You are viewing a plain text version of this content. The canonical link for it is here.

Posted to common-user@hadoop.apache.org by Benyi Wang <be...@gmail.com> on 2011/09/21 20:01:00 UTC

How to get hadoop job information effectively?

I'm working a project to collect MapReduce job information on an application
level. For example, a DW ETL process may involves several MapReduce jobs, we
want to have a dashboard to show the progress of those jobs for the specific
ETL process.

JobStatus does not provide all information like JobTracker web
page. JobInProgress is used in JobTracker and JobHistory and it is in
JobTracker memory, and seem not exposed to the client side.

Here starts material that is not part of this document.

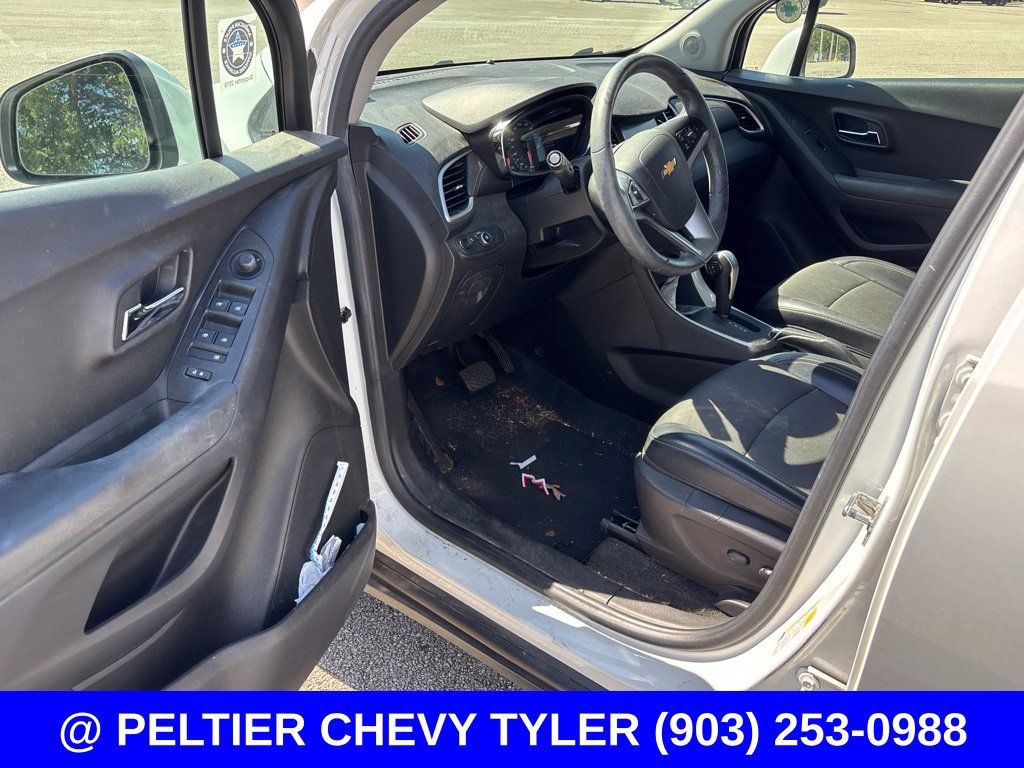 Used 2017 Chevrolet Trax LT w/ LT Convenience Package FWD image 11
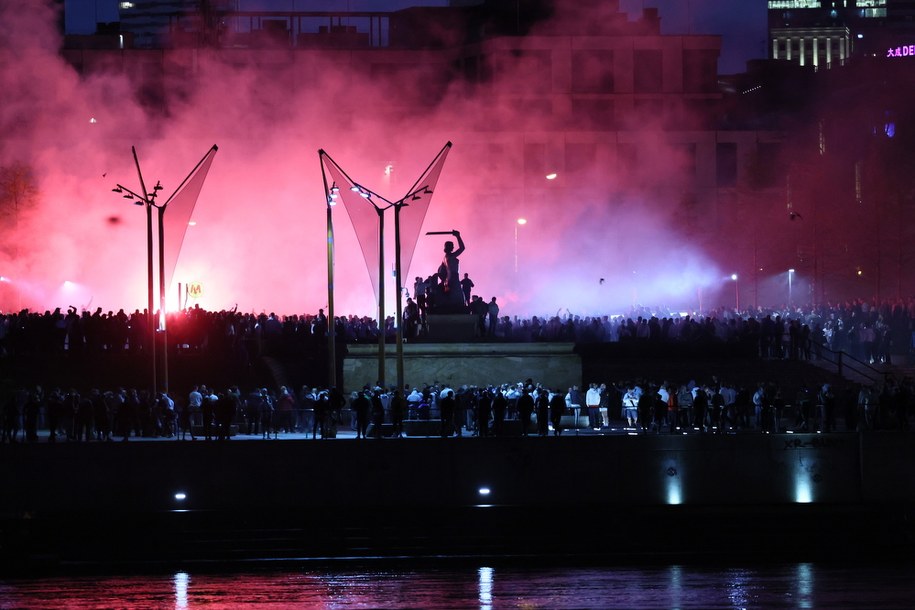 Policjanci użyli m.in. pałek i gazu /Leszek Szymański /PAP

The current method I am using is to check history log files and job conf XML
file to extract those information like jobdetailhistory.jsp and
jobhistory.jsp.

Is there a better way to collect the information like JobInProgress?

Thanks.

Re: How to get hadoop job information effectively?

Posted by Robert Evans <ev...@yahoo-inc.com>.

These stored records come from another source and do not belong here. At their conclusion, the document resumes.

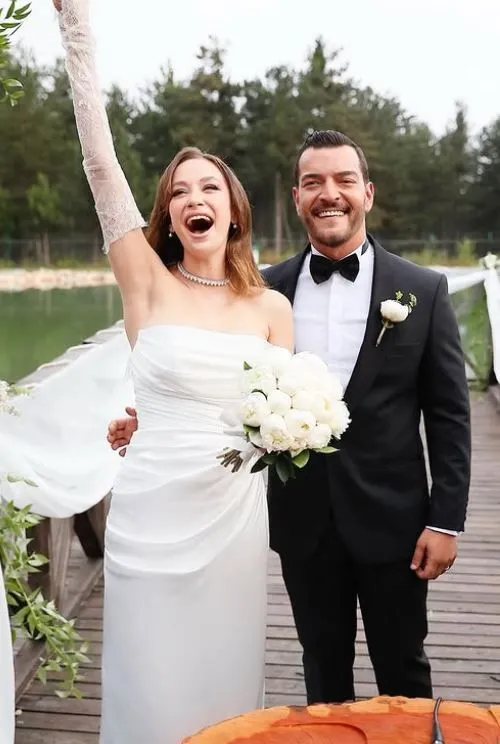 Anne olmak için gün sayan Buse Arslan’dan hamilelik pozları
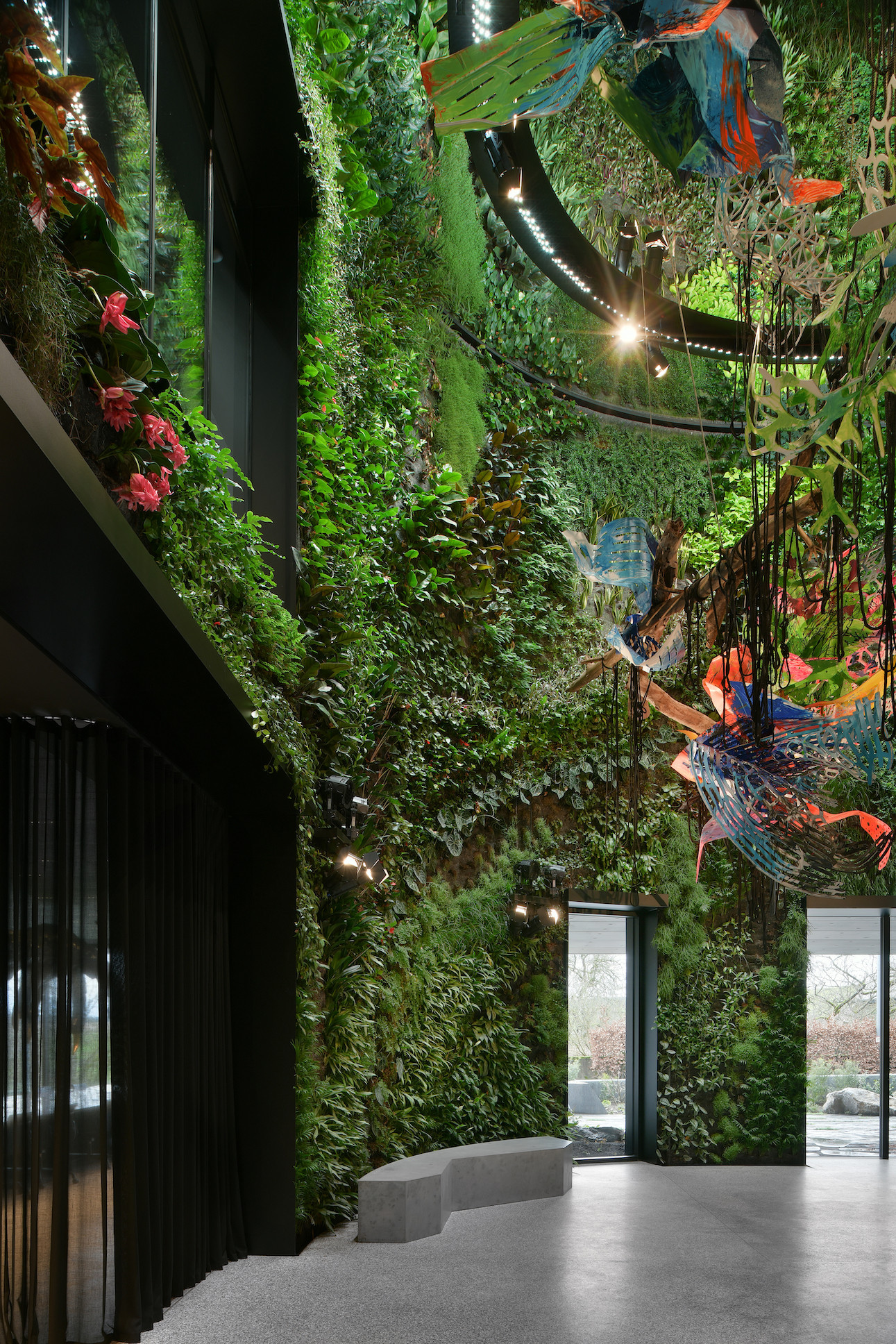 Patrick Blanc a réalisé un impressionnant mur végétal au cœur du bâtiment. (Photo: Serge Brison)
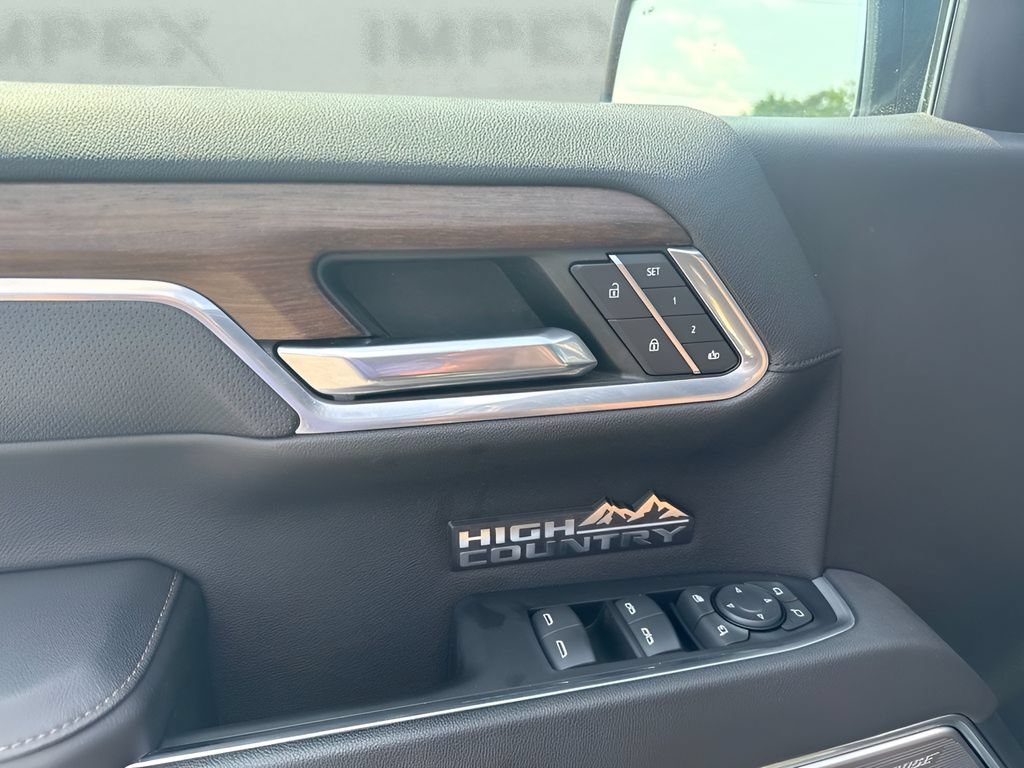 Used 2023 Chevrolet Silverado 1500 High Country AWD/4WD image 18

Not that I know of.  We scrape web pages which is a horrible thing to do.  There is a JIRA to add in some web service APIs to expose this type of information, but it is not going to be available for a while.

--Bobby Evans

On 9/21/11 1:01 PM, "Benyi Wang" <be...@gmail.com> wrote:

I'm working a project to collect MapReduce job information on an application
level. For example, a DW ETL process may involves several MapReduce jobs, we
want to have a dashboard to show the progress of those jobs for the specific
ETL process.

JobStatus does not provide all information like JobTracker web
page. JobInProgress is used in JobTracker and JobHistory and it is in
JobTracker memory, and seem not exposed to the client side.

The current method I am using is to check history log files and job conf XML
file to extract those information like jobdetailhistory.jsp and
jobhistory.jsp.

Is there a better way to collect the information like JobInProgress?

Thanks.